Old St. Andrews



Harbourfront Restaurant



What is now Harbourfront Restaurant was once and perhaps originally the property of James W. Street, merchant. The old newspapers show that Mr. Street was in business as early as 1836, probably on this same property. Not a lot is known about Mr. Street, beyond his business, apparently a prosperous one, importing and retailing goods from Britain and the West Indies. There were many such "houses" along the waterfront in the 19th century, and indications are that Mr. Street was one of the more successful merchants in this line. James Street had a large wharf at one end of his property, including commodious warehouses for his West Indies trade in rum, molasses, etc., all of which were destroyed in a gale in 1905. The newspaper article noting this catastrophe, stated that the wharf was one of the oldest in the town, predating perhaps any living inhabitant.

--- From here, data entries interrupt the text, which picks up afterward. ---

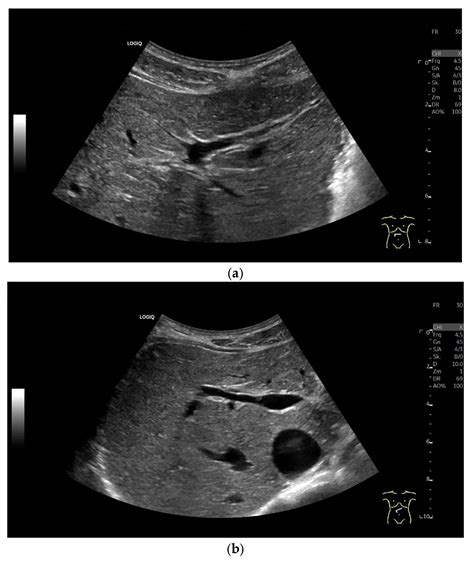 Ultrasound of Bile Ducts—An Update on Measurements, Reference Values, and Their Influencing Factors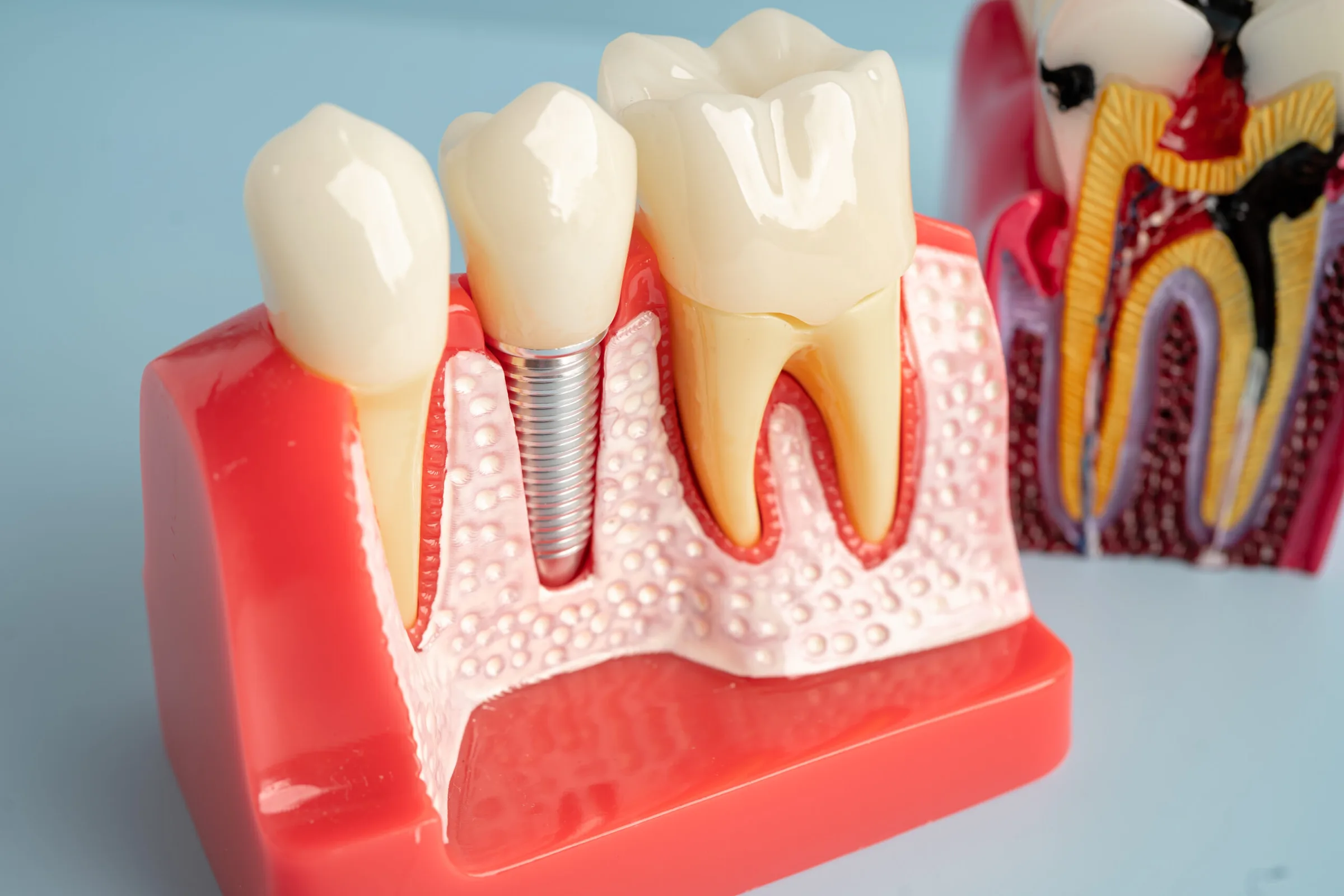 Diş implantını gösteren eğitim amaçlı çene modeli (temsili fotoğraf)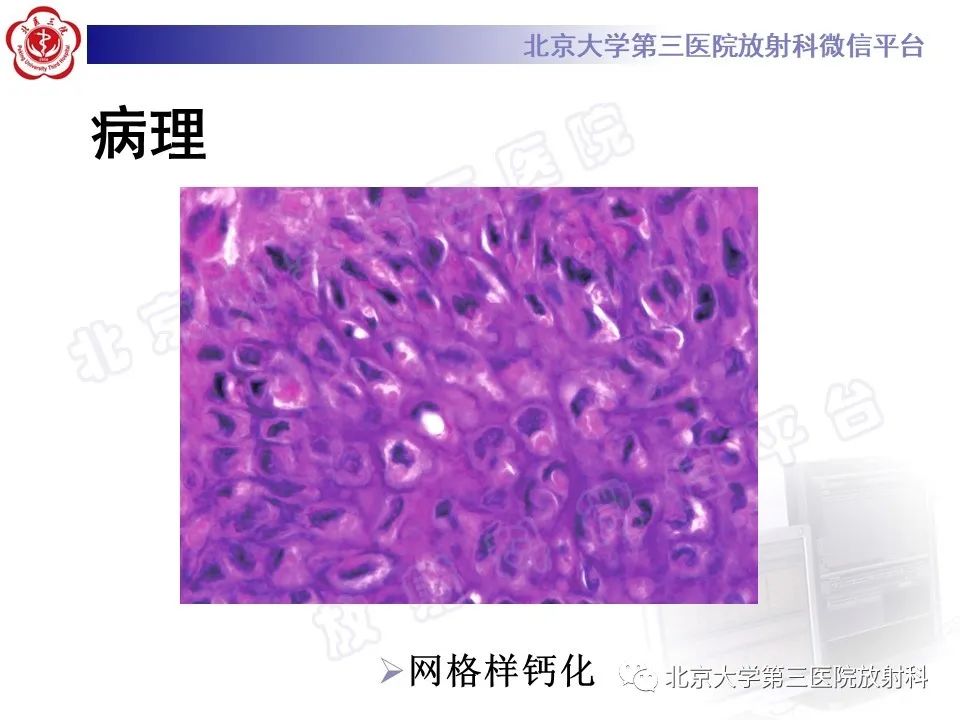 影像PPT - 【PPT】软骨母细胞瘤-21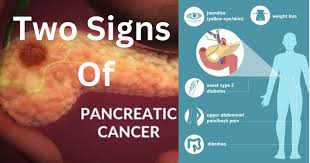 two signs of pancreatic disease at an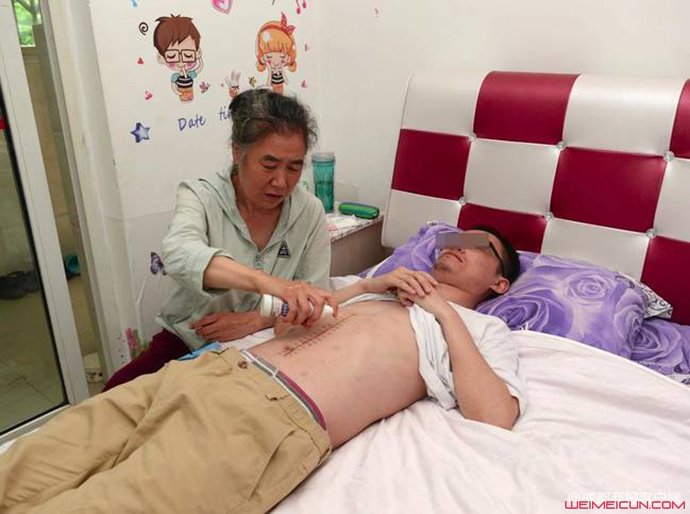 被撞摘右肾 被撞摘右肾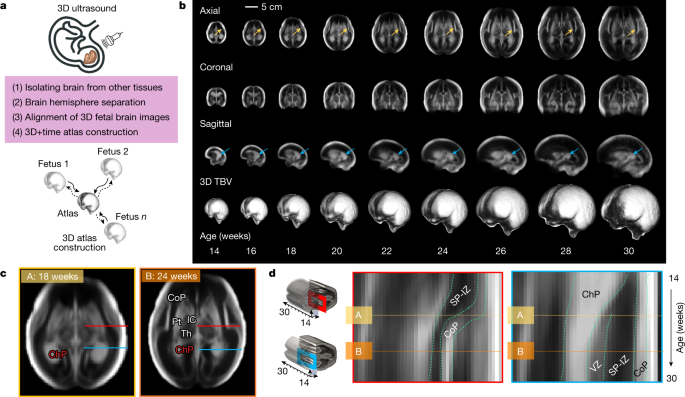 Unveiling the Intricate Brain: Mapping Development, Speech, and Cellular Landscape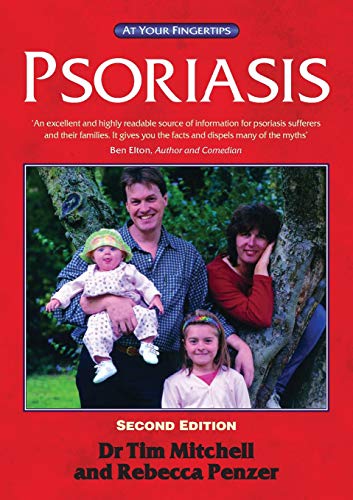 Beispielbild fr Psoriasis: The At Your Fingertips Guide zum Verkauf von Goldstone Books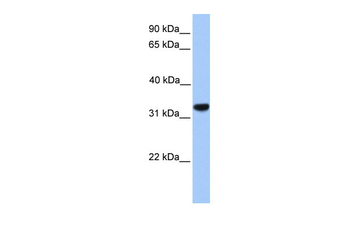 CACNG4 Rabbit Polyclonal Antibody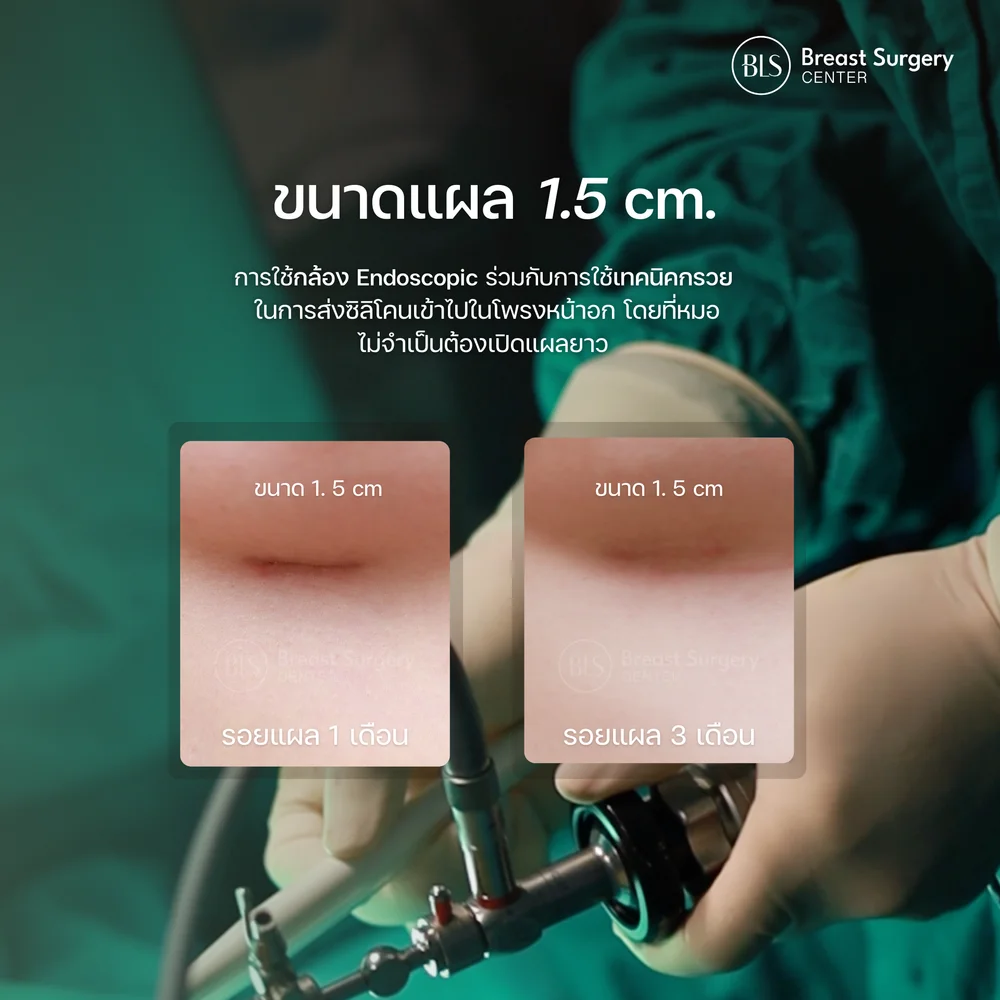 ส่องกล้องเสริมหน้าอก แผลขนาดเล็ก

In 1907 this property was purchased by Benjamin DeWolfe, another prosperous merchant, and a large wharf added on to the property for the purpose of importing coal. It became known as DeWolfe's Wharf, and was the terminus of a shunt railway line extending along the waterfront from the railway terminus at Indian Point, and was used mainly for transporting coal to the downtown area. The shunt line dated from 1858, but Mr. DeWolf'e wharf was eventually its ending point. The building itself fronting Water Street became in 1912, a year after Mr. DeWolfe's death, the town's first motion picture theatre, called the "Acme." Later the "Acme" became under new management the "Marina Theatre," one of two establishments in the town to show motion pictures. The other was Andraeleo Hall, now Europa Restaurant.